### Caption-style text data
◆ ◆ ◆ ◆ ◆
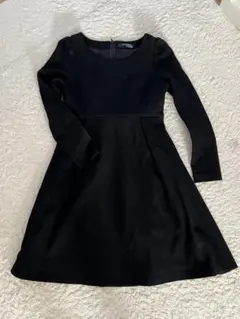オトナかわいいブラックワンピ　後リボン　上質ワンピ 　シンプルだけどかわいいのサムネイル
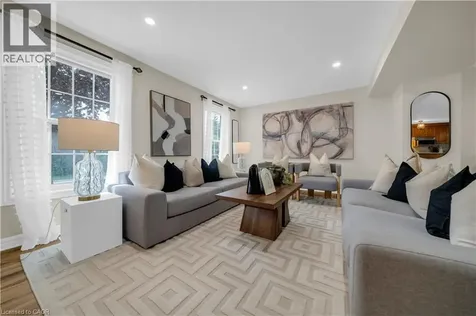 26 Peachtree Crescent Cambridge ON N1S 4W5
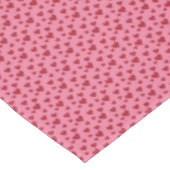 Sweet Scatter Hearts - Candy Pink & Red テーブルクロス (アングル)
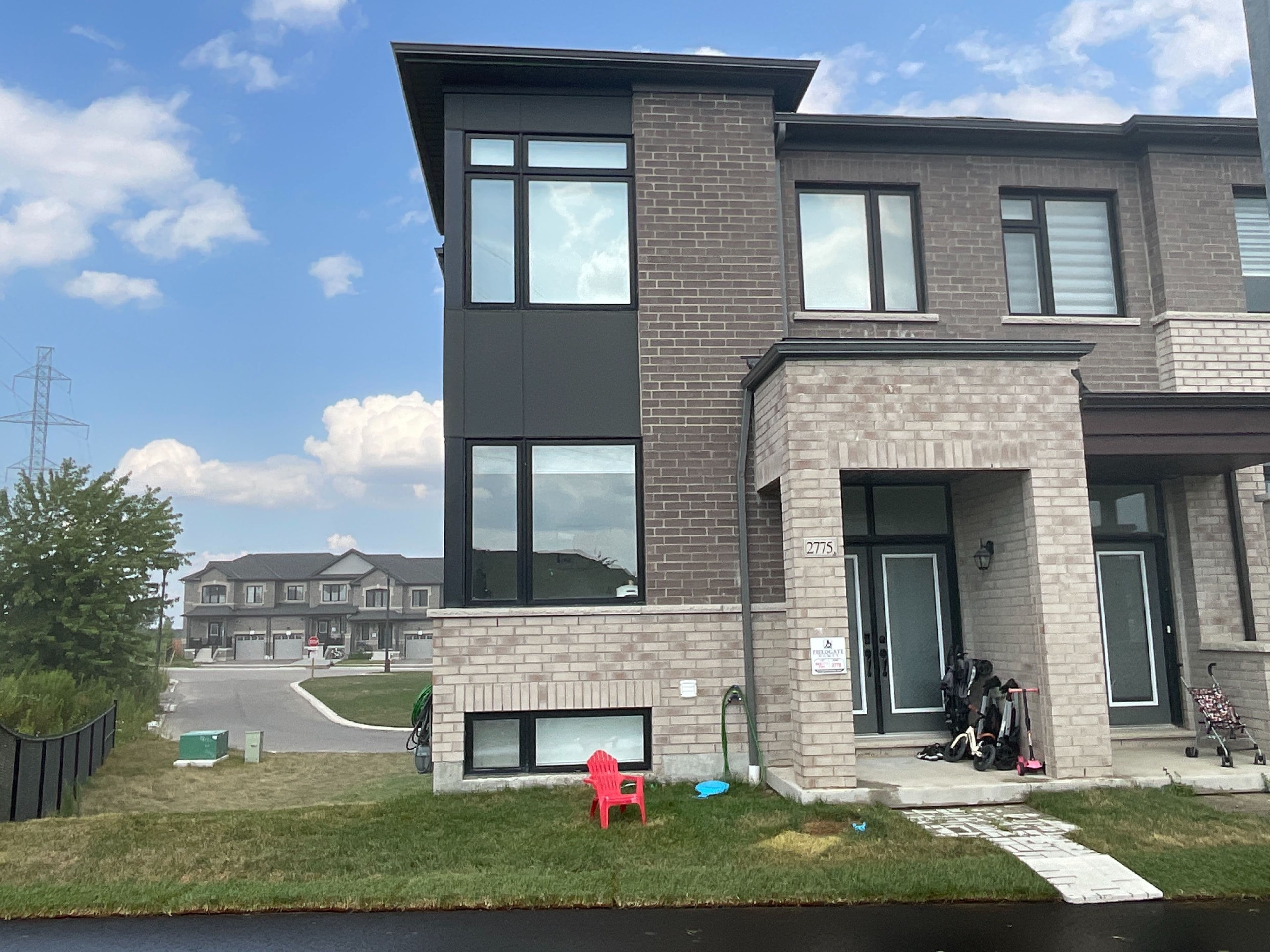2775 Peter Matthews Drive, Pickering, ON L1X 0M3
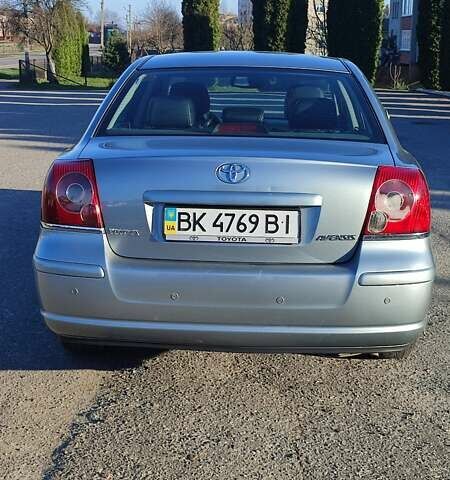Сірий Тойота Авенсіс, об'ємом двигуна 1.8 л та пробігом 286 тис. км за 7000 $, фото 4 на Automoto.ua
◆ ◆ ◆ ◆ ◆
### PROBLEM DETAILS
Write all the entries again word for word, minus the pictures.

### ANSWER TO THIS TASK
オトナかわいいブラックワンピ　後リボン　上質ワンピ 　シンプルだけどかわいいのサムネイル
 26 Peachtree Crescent Cambridge ON N1S 4W5
 Sweet Scatter Hearts - Candy Pink & Red テーブルクロス (アングル)
2775 Peter Matthews Drive, Pickering, ON L1X 0M3
Сірий Тойота Авенсіс, об'ємом двигуна 1.8 л та пробігом 286 тис. км за 7000 $, фото 4 на Automoto.ua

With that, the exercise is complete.